En un tiempo, en fin, en que ser famoso (por igual famosillo o famosazo) ha devenido en un verbo intransitivo -y hasta intransitable-, donde, incluso, muchos se jactan tanto más de ese logro por no tener nada que les avala, el valor se redobla en esta alta crónica de sociedad, con el jugoso anecdotario de primera mano referido a primeras personas. Averiguar, por ejemplo, que Onetti o Borges nada tienen que ver con la imagen hosca que, a menudo, se les atribuye. Saber, a través de figuras de la edición (Carmen Balcells, Beatriz de Moura, Amaya Elezcano, Mario Muchnik, el propio Mayer...), qué se cuece entre las moquetas de ese hermético y complejo oficio; del vértigo, que les afecta casi unánimemente, ante la ley de hierro de que el éxito de un libro será siempre del autor, mientras que de su fracaso el único responsable es el editor... Entrever también el porqué de las posiciones irreconciliables, por ejemplo, entre Carlos Fuentes y Octavio Paz o entre Gabriel García Márquez y Mario Vargas Llosa...

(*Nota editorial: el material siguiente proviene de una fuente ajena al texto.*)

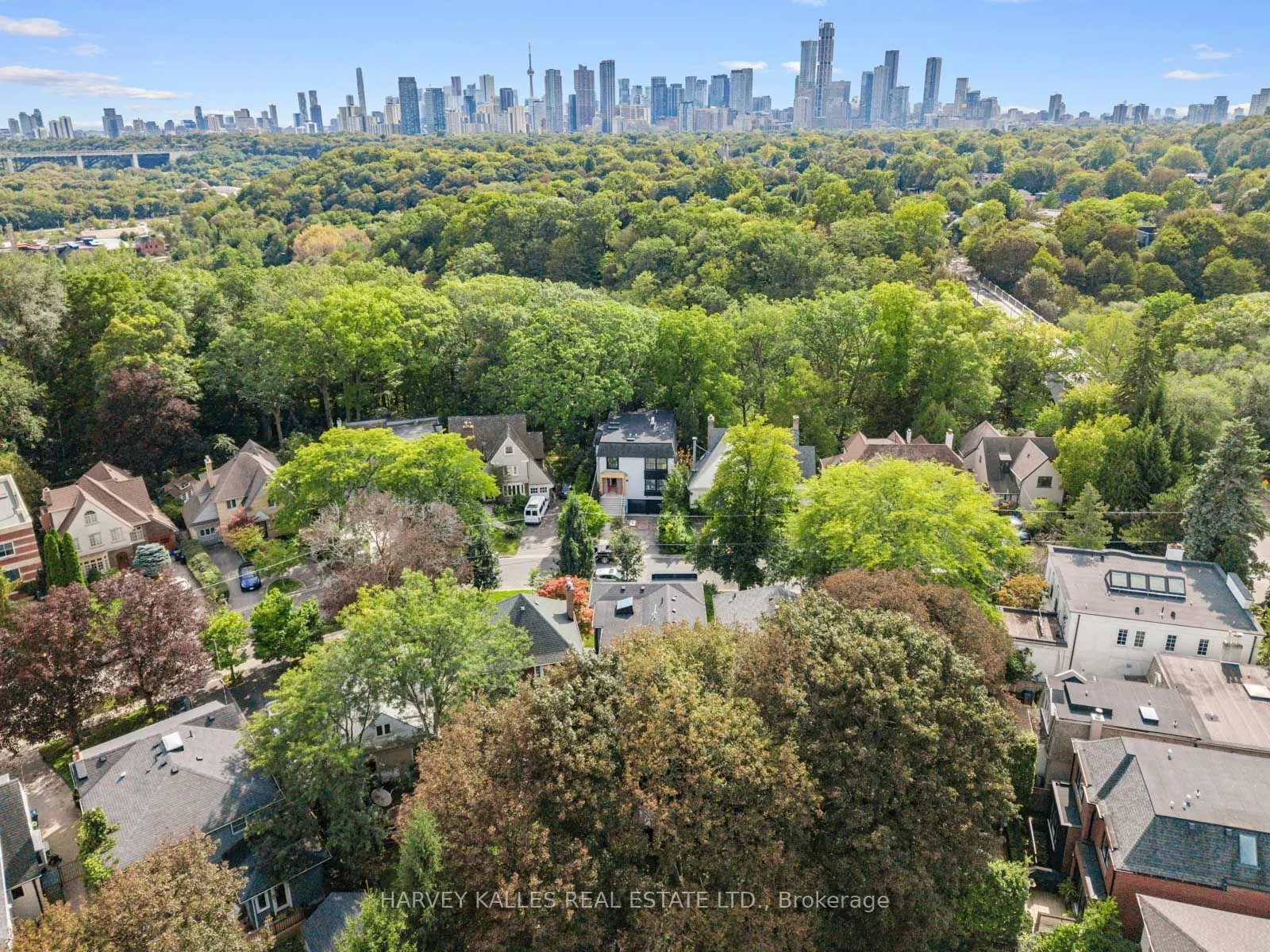 4 Douglas Crescent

Si la vida es "un proceso de demolición", como advierte Edgar Morin, ¿cómo les afectará -o afectó ya- a estos nombres propios que han urdido con sus metáforas el diagnóstico de nuestra época? Juan Cruz Ruiz dignifica, de paso, un ámbito cada vez más depauperado: los vínculos entre literatura y periodismo; y da cuenta de algo que hoy ha caído, asimismo, en desconsideración: que los límites de una entrevista de fondo dependen siempre de las coordenadas del cronista o entrevistador. Él se implica en el proceso; no tiene empacho en proyectarse de este modo al hablar de la recepción del Nobel por Vargas Llosa: "... Seguramente sintió esa punzada sentimental que albergamos las personas cuando nos ocurre algo bueno e importante y necesitamos, en el fondo del corazón, que lo sepa también, o sobre todo, quien alguna vez se burló de nosotros". Pero detrás de todo esto, tras advertir que "siento que yo también formo parte de la música que interpreto", explica que esa música sólo avanza, en silencio, irremisiblemente, con el estribillo de los "cristales rotos", bajo la batuta de que, implacable, "la vida va devolviendo siempre lo que no será nunca contenido del olvido".

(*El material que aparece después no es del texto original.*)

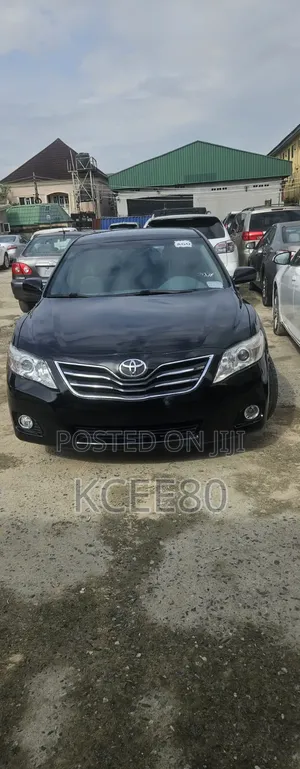 Toyota Camry 2010 Black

Pero, acaso, lo peor de todo no es el resquebrajamiento del espejo, mientras se permanece aupado sobre el "escabel" lacaniano. Lo peor, cuando ya no queda brío para clamar "¡Adelante, Adelante!", como cuando se era artista adolescente, es que, al tiempo en que el azogue se rompe, basta un levísimo movimiento de la mano de la Parca para que se tambalee y caiga también el taburete.